Sandholm and Brown told me they expect Pluribus’s technology to have even broader applications than the bots that came before. They think of Pluribus as the first multiplayer, as in more than two, AI gaming milestone, and that it could impact a laundry list of multiplayer “games” in the real world: auction bidding, multi-party negotiation, online retailer pricing, presidential candidate advertising, cybersecurity and even self-driving cars.
In that cavernous room in the desert at the World Series of Poker in Vegas, the humans weren’t thinking about political ads or self-driving cars, but many of them were thinking about game theory. Increasingly, the game’s best pros are taking their cues from the academic AI literature, commercially available programs such as PokerSnowie and PioSOLVER and even those with doctorates in computer science whom they hire as consultants to hone their games. As a result, the quality of human poker play has never been higher, and Pluribus may raise it further still.

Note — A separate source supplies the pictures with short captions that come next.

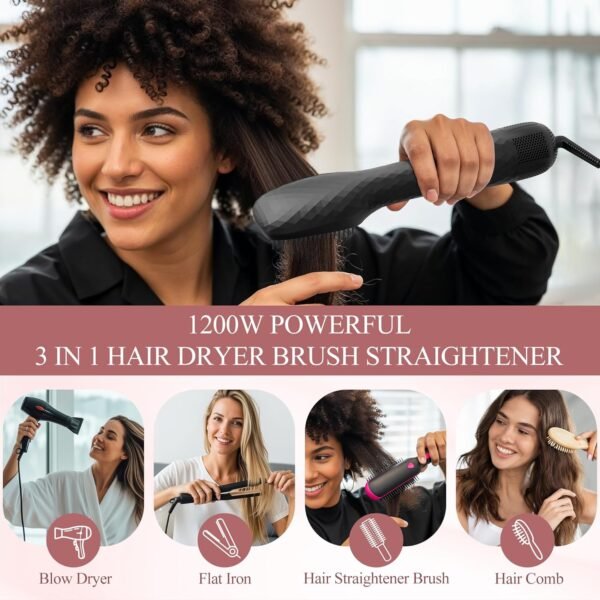 3-in-1 Hair Dryer Brush, Professional 1200W Ionic Blow Dryer Brush with Ceramic & Tourmaline Technology, 3 Heat/2 Speed Settings One Step Hair Dryer & Styler for All Hair Types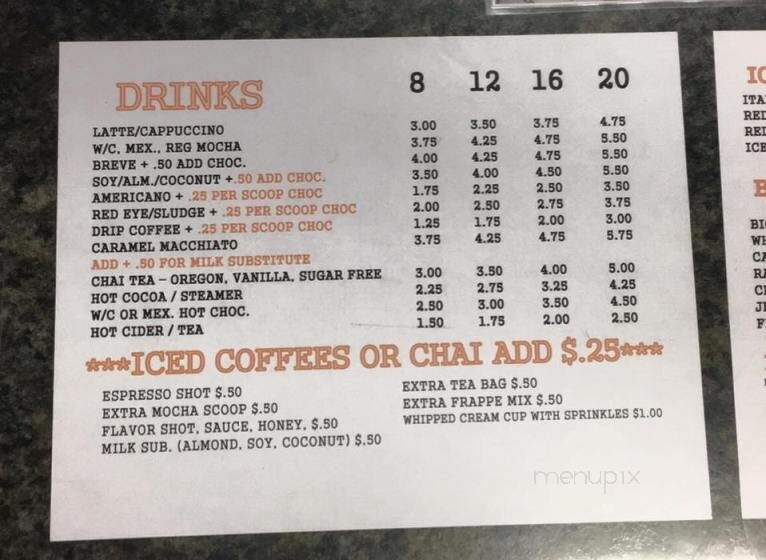 Klondike Coffee - Valdez, AK menu_pic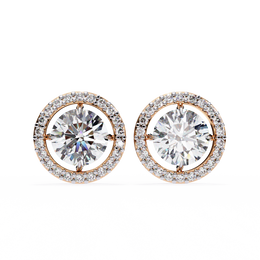 Round Cut Diamond Floating Circle Halo Stud Earrings in 18K Yellow Gold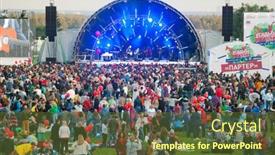  Presentation with jazz - Slides with moscow-june-14-people-attend background and a tawny brown colored foreground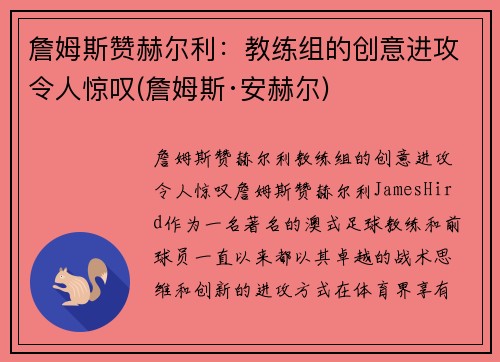 詹姆斯赞赫尔利：教练组的创意进攻令人惊叹(詹姆斯·安赫尔)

But I’ve spoken with both pros and scientists who think poker AIs might kill the very game they are trying to conquer. Indeed, one might have already killed heads-up limit. On the one hand, these skeptics argue, modern elite poker can feel sterile, with young pros making the best plays from behind sunglasses and beneath headphones, the game lacking the engaging human characters it needs to put on a good show and attract a new generation. On the other hand, poker is like a pyramid scheme: It needs a wide range of skill levels to support the pros playing for big bucks at the top. As humans learn quickly from the bots, everybody becomes good, the skill levels flatten, the pyramid collapses downward, and the game dies.
“Unfortunately, there may be some merit to that,” Sandholm said. “That would be very sad. I’ve come to love this game.”